**PROBLEM DESCRIPTION:** Although the data below holds other lines too, output only those from the line with "Draadloze Sport Oordopjes" up to and including the line with "Take Two Beige", exactly as they appear.

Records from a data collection
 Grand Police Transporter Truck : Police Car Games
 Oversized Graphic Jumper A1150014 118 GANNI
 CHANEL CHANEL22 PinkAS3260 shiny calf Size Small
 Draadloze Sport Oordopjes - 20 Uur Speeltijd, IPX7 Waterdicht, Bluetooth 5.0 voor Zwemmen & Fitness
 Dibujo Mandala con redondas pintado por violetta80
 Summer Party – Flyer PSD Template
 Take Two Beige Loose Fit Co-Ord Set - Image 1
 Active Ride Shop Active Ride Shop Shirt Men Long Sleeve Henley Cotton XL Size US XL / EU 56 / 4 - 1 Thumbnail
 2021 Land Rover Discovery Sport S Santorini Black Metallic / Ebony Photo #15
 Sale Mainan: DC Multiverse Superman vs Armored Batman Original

**ANSWER FOR THIS EXERCISE:**
 Draadloze Sport Oordopjes - 20 Uur Speeltijd, IPX7 Waterdicht, Bluetooth 5.0 voor Zwemmen & Fitness
 Dibujo Mandala con redondas pintado por violetta80
 Summer Party – Flyer PSD Template
 Take Two Beige Loose Fit Co-Ord Set - Image 1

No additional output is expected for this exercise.